Na jednego sprzedawanego przez Samsunga flagowca przypadają ponad trzy smartfony z najniższej półki, jak wylicza szwajcarski holding finansowy UBS. To nic zaskakującego, ale w tle pojawia się alarmujący dla producenta trend.

Statystycznie rzecz ujmując, urządzenia ekonomiczne zawsze cieszyły się większą popularnością niż te z segmentu premium. Tak było, jest i będzie. Rzecz polega na tym, jak dokładnie przedstawia się struktura sprzedaży, bo oczywiście producentom zależy na flagowcach szczególnie, jako że gwarantują im najwyższe marże. W tym kontekście na Samsunga czeka wiadomość niepożądana.

Prognozuje się, że w 2022 roku aż 60 proc. sprzedanych smartfonów koreańskiej marki stanowić będą najprostsze konstrukcje w cenie poniżej 200 dol. Kolejnych 10 proc. pochłonie natomiast jeszcze sprzęt w przedziale 200-300 dol., również klasyfikowany jako relatywnie podstawowy. Dopiero reszta ma przypaść modelom droższym, a pamiętajmy, przy narzuconych w niniejszym zestawieniu progach do takowych zaliczony zostaje choćby Galaxy A53 5G, czyli de facto średniak.

To wszystko wyliczenia, jakie zaprezentował szwajcarski holding finansowy UBS, wedle którego zainteresowanie droższymi samsungami ostatnio wyraźnie spada. Jak stwierdzono w raporcie, zjawisko to dotyczy generalnie wszystkich smartfonów z Androidem, ale u Koreańczyków jako lidera jest najbardziej dostrzegalne.
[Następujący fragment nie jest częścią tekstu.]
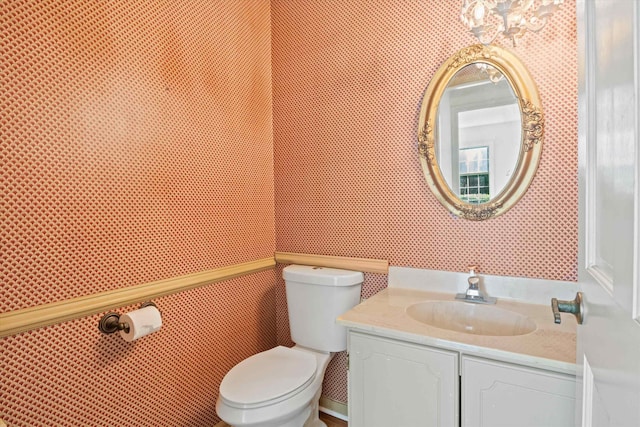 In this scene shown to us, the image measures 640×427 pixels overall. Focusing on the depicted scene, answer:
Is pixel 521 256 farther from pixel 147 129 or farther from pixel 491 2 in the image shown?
pixel 147 129

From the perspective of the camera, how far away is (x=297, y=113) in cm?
205

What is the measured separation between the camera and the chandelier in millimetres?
1257

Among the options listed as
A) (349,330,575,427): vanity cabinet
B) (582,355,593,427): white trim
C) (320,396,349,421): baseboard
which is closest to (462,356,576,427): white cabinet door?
(349,330,575,427): vanity cabinet

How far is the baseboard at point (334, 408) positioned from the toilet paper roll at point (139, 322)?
117 centimetres

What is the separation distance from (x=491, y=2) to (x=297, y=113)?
3.72 feet

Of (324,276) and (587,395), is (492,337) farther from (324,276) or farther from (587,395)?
(324,276)

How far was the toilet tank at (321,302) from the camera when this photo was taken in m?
1.71

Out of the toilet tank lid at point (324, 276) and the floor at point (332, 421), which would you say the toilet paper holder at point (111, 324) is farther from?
the floor at point (332, 421)

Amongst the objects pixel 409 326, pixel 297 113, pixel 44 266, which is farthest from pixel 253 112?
pixel 409 326

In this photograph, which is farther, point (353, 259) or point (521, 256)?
point (353, 259)

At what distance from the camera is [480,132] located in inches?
59.2

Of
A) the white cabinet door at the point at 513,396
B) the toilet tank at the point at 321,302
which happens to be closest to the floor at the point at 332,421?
the toilet tank at the point at 321,302

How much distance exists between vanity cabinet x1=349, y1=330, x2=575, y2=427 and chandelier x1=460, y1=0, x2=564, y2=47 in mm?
1264

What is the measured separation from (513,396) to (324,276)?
0.94m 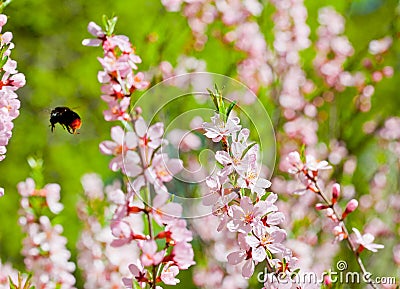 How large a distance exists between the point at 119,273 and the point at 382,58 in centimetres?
152

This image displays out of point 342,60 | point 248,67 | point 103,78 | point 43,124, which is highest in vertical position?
point 43,124

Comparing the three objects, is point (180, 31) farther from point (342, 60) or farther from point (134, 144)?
point (134, 144)

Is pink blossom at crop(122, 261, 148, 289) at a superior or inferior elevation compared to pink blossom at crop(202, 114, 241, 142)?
inferior

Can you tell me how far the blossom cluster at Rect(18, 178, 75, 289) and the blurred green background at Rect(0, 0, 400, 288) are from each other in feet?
5.82

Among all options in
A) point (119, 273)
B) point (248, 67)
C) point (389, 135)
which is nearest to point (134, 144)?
point (119, 273)

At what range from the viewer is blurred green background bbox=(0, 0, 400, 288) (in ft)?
11.6

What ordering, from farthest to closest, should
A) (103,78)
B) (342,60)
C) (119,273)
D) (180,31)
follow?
(180,31) < (342,60) < (119,273) < (103,78)

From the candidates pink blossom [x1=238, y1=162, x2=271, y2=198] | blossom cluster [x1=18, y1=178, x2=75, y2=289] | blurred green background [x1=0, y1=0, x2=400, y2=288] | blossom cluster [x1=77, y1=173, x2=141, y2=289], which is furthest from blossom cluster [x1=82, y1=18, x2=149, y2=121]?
blurred green background [x1=0, y1=0, x2=400, y2=288]

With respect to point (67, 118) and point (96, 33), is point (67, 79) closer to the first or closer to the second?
point (67, 118)

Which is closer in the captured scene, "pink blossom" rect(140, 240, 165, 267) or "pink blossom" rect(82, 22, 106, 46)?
"pink blossom" rect(140, 240, 165, 267)

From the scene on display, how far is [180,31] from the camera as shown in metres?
2.90

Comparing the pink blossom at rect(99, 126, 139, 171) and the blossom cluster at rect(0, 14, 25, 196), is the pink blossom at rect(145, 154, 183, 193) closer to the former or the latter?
the pink blossom at rect(99, 126, 139, 171)

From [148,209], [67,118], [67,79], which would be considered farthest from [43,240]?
[67,79]

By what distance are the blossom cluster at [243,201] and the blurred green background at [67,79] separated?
227 cm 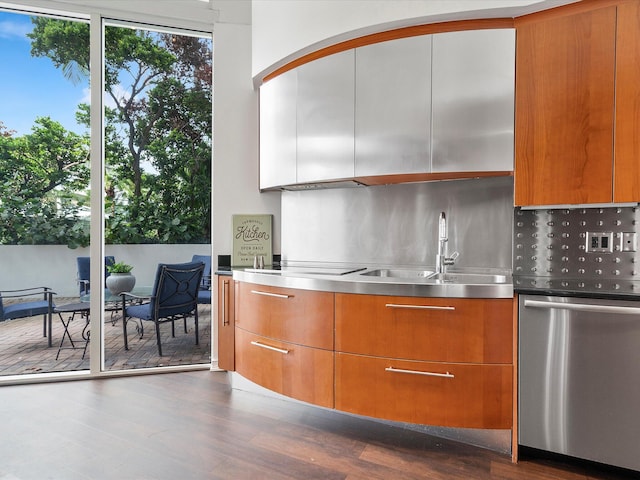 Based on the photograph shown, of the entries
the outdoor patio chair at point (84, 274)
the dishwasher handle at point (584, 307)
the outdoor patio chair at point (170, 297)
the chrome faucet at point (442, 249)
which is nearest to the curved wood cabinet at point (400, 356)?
the dishwasher handle at point (584, 307)

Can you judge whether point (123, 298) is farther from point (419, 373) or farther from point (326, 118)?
point (419, 373)

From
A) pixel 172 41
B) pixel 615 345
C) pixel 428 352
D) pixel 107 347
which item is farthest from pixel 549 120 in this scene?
pixel 107 347

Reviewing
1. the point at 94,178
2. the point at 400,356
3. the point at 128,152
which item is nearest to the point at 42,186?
the point at 94,178

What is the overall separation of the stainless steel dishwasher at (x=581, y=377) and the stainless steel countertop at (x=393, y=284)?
190 millimetres

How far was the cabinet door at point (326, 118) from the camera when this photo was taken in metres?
2.59

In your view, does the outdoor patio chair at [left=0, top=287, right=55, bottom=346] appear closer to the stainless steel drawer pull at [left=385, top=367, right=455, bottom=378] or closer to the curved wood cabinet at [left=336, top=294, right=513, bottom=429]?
the curved wood cabinet at [left=336, top=294, right=513, bottom=429]

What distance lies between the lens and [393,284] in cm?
207

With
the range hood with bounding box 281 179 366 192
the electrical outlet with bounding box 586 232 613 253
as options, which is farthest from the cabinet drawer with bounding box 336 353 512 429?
the range hood with bounding box 281 179 366 192

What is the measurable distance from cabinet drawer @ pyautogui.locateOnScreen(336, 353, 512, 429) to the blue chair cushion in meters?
2.44

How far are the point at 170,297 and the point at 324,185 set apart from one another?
5.19ft

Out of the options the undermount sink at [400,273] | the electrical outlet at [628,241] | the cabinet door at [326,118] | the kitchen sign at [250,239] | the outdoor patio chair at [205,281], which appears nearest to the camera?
the electrical outlet at [628,241]

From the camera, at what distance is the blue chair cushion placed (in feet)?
10.2

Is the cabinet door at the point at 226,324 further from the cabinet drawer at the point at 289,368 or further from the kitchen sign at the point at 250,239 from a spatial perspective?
the kitchen sign at the point at 250,239

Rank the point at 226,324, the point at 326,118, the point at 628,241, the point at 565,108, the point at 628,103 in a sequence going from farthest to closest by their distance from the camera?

Co podkreślono, zalew półek sklepowych tanimi smartfonami z Chin w mniemaniu analityków zdewaluował całą platformę Google. Chcąc wybrać produkt premium, ludzie mają więc sięgać po iPhone'a, bowiem ten nie budzi negatywnych konotacji. I faktycznie, jeśli ktoś miałby być beneficjentem tej zawieruchy, to jest nim właśnie Apple, raz po raz notujący kolejne spektakularne sukcesy.

Galaxy Z swoje zrobiły, ale szału nie ma

Na nieszczęście Samsunga, nic nie wskazuje na to, aby remedium stały się promowane z dużym animuszem składaki Galaxy Z. Wprawdzie po ich premierze, jak wynika z doniesień, średnia cena sprzedaży nieco wzrosła, ale i tak szacuje się, że trzeci kwartał nie należy do udanych. Według danych ujawnionych przez Reutersa, spadek zysku ze smartfonów może wynosić nawet 17 proc. rok do roku. 

Rzecz jasna, globalna recesja zdecydowanie produktom wysokomarżowym nie sprzyja. Konsument zaczyna oszczędzać i mniej pieniędzy wydaje na przyjemności – a do takich niewątpliwie należy zakup fikuśnego flagowca. Inna sprawa, że w obozie Apple spowolnienia wcale nie widać, a przynajmniej nie w takiej skali.